You have two jars, 50 red marbles and 50 blue marbles. You need to place all the marbles into the jars such that when pick a random marble out of a random jar, you maximize the chances that it will be red. You can arrange the marbles however you like, but each marble must be in a jar.
How many of each type of marble do you put in each jar?
Put 1 red marble in one jar, and put all the other marbles in the other jar.
Proof
For each jar we have the chance that we get a red marble will be \(\frac{\text{# red marbles in jar}}{\text{# total marbles in jar}}\) . We can maximise our chance of getting red marble in one jar by making all the marbles in that jar red.
However we would like as many marbles as possible in the other jar to have a high chance of getting red in that one also. The minimum number of marbles we can use is 1, hence we put a single marble in the first jar.

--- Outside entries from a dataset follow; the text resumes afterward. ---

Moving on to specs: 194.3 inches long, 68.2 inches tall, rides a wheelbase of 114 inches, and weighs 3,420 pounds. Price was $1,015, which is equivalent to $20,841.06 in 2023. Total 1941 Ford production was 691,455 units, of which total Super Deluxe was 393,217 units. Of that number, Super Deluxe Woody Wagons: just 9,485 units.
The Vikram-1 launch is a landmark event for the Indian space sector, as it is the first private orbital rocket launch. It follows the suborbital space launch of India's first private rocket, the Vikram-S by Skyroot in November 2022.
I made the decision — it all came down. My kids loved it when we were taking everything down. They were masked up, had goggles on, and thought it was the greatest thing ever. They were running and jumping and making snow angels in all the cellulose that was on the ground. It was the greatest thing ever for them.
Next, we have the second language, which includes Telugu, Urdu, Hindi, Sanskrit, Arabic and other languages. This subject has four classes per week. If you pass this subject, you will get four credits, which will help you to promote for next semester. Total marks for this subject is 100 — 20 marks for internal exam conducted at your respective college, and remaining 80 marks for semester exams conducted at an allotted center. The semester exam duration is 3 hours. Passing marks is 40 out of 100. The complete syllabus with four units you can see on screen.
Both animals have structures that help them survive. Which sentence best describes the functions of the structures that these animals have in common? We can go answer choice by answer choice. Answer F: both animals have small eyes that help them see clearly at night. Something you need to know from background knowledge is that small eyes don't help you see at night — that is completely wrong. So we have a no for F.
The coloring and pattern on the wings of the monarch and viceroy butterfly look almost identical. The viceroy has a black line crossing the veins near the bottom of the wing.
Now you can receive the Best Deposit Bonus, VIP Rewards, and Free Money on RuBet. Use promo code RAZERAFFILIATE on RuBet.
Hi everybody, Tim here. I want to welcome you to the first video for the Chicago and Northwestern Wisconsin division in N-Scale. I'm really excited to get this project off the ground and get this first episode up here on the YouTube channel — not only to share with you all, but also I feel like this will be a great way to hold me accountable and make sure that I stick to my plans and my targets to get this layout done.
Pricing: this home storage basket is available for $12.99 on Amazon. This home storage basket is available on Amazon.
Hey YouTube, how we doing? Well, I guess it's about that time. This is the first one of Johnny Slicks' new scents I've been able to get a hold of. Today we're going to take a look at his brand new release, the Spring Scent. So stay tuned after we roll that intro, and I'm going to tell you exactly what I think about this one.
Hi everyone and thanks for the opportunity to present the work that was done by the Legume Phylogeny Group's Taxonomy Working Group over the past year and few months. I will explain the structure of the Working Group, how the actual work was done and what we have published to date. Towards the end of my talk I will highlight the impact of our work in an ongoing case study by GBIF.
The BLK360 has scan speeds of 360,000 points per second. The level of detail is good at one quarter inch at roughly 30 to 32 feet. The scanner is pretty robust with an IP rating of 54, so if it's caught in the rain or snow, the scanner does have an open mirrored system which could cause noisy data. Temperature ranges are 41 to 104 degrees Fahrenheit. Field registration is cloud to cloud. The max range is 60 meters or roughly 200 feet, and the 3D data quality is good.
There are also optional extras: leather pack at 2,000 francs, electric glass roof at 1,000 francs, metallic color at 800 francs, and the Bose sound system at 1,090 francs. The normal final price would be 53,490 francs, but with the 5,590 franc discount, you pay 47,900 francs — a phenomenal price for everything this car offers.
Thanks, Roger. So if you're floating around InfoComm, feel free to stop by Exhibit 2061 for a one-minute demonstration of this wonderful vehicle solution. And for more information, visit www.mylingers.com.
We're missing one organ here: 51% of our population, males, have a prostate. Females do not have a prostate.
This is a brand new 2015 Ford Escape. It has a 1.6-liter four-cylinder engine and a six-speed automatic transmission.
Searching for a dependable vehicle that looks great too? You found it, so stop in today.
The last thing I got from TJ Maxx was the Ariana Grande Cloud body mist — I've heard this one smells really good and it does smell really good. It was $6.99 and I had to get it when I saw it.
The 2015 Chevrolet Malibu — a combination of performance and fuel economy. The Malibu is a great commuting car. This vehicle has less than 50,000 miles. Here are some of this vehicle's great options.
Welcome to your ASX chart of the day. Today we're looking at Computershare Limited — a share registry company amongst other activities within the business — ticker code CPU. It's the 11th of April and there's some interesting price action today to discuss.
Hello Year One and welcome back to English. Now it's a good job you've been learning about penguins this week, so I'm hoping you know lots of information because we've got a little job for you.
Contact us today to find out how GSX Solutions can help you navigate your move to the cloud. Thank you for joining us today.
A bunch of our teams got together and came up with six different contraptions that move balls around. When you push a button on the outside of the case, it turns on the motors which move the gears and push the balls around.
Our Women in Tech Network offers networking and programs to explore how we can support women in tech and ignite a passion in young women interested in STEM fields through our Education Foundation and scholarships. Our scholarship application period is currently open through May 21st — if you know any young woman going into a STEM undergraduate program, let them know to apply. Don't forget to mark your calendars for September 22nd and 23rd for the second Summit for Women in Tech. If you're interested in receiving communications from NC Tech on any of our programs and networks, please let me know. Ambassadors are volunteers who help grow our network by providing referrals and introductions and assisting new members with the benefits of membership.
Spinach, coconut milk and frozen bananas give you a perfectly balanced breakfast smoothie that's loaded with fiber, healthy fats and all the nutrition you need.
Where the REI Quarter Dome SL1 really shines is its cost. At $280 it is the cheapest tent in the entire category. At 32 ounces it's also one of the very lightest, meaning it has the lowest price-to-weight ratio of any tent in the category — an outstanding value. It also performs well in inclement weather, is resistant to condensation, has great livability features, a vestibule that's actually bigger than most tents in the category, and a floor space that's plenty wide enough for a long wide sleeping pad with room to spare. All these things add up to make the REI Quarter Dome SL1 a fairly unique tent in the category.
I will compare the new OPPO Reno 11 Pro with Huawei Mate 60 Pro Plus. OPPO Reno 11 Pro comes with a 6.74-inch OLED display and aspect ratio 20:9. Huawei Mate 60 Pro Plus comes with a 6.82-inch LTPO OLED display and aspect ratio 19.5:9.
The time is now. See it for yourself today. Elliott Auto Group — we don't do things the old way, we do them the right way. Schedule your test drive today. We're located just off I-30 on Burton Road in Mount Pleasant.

By putting the rest of the marbles in the second jar we get nearly a 75% chance of picking a red marble. Suppose we have \(n \ge 1\) of each type of marble, then the probability of finding a red marble will be:
\[\begin{align} P & = \frac{1}{2}\left(1\right) + \frac{1}{2}\left(\frac{n-1}{n+(n-1)}\right) \\ & = \frac{1}{2}\left(\frac{2 n - 1 + n -1}{2 n - 1}\right) \\ & = \frac{1}{2}\left(\frac{3 n - 2}{2 n - 1}\right) \end{align}\]For our problem we have \(n = 50\) , \(P = 0.7475\) .
Note that as \(n\) goes to \(\infty\) we have:
\[\lim_{n \rightarrow \infty} P = \frac{3}{4}\]Thus for any \(n\) we can’t get better than \(\frac{3}{4}\) chance.